Les gousses sont ensuite calibrées et réunies en bottes puis placées dans des caisses en bois de Tamarin pendant plusieurs mois où elles développent leur arôme et parfois même se cristallisent en surface pour donner la plus raffinée, la plus recherchée et la plus chère des vanilles.
Prêtes à l’emploi
Ensachées, mises en tube de verre (c’est l’idéal) ou encore transformées en différentes préparations trouvant toutes un débouché culinaire propre, les gousses sont maintenant prêtes à être consommées. Le Domaine de Bellevue possède une boutique en plein cœur de Saint-Louis où vous trouverez ses fameuses gousses qui lui ont valu de remporter la Médaille d’Or au Concours Agricole de Paris 2022. Lors de notre passage, le site n’était pas ouvert au public, mais la famille Saint-Lambert réfléchit à ouvrir ses portes. Alors si vous prenez contact bien avant votre voyage, il vous sera peut-être possible de visiter cette installation expérimentale ou d’assister à certaines étapes du procédé si vous êtes là durant la période de récolte.

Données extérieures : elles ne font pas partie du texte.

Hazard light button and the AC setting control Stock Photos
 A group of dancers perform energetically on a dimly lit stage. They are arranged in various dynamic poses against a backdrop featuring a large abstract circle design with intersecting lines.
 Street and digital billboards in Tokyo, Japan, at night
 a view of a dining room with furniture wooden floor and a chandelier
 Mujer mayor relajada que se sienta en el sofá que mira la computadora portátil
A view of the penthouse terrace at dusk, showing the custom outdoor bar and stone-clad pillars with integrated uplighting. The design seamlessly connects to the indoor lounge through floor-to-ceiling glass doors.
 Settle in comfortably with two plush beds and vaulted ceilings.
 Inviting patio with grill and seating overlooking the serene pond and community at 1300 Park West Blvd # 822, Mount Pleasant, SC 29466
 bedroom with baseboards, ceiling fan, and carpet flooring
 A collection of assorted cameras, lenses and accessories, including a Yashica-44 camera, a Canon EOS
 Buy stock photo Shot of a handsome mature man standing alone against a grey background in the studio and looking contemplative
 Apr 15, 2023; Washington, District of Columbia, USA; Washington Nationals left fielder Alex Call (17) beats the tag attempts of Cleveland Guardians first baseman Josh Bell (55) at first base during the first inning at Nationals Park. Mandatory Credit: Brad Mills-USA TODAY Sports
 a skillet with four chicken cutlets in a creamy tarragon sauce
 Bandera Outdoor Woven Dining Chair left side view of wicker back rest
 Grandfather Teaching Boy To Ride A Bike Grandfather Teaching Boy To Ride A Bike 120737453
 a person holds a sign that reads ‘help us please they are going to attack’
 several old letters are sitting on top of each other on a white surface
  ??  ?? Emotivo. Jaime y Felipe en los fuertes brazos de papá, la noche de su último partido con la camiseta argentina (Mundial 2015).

Pierre Saint-Lambert et son équipe ne sont pas avares de conseils
et vous livrent 5 astuces pour bien choisir votre vanille :
1. Bien choisir l’origine. La vanille Bourbon d’un vrai producteur car tous les vendeurs ne sont pas producteurs… Éviter la vanille en vrac qui sèche rapidement et perd son taux d’arôme qui se mesure en vanilline. Il en faut au moins 2 % dans chaque gousse.
2. L’aspect et le parfum. Plus une vanille est longue de 16 à 20 cm, plus sa valeur est grande et plus elle a de graines de vanille à l’intérieur. Une gousse longue peut être coupée en deux et conservée. La gousse doit être légèrement brillante sans être luisante et surtout très souple. On doit pouvoir faire un nœud avec. Au nez, on retrouve des notes boisées, chocolatées, mais surtout pas de notes alcoolisées, synonymes de fermentation.
3. Les certifications. Indispensables pour savoir si une vanille de qualité a été cultivée et transformée suivant un cahier des charges établi par des organismes de certification.
4. Le conditionnement. Uniquement dans des emballages hermétiques.
5. La conservation. Le bocal ou le tube en verre sont les meilleurs contenants. Ils doivent être hermétiques et à l’abri de la lumière. Pas de conservation au réfrigérateur sous peine de dessèchement de la gousse.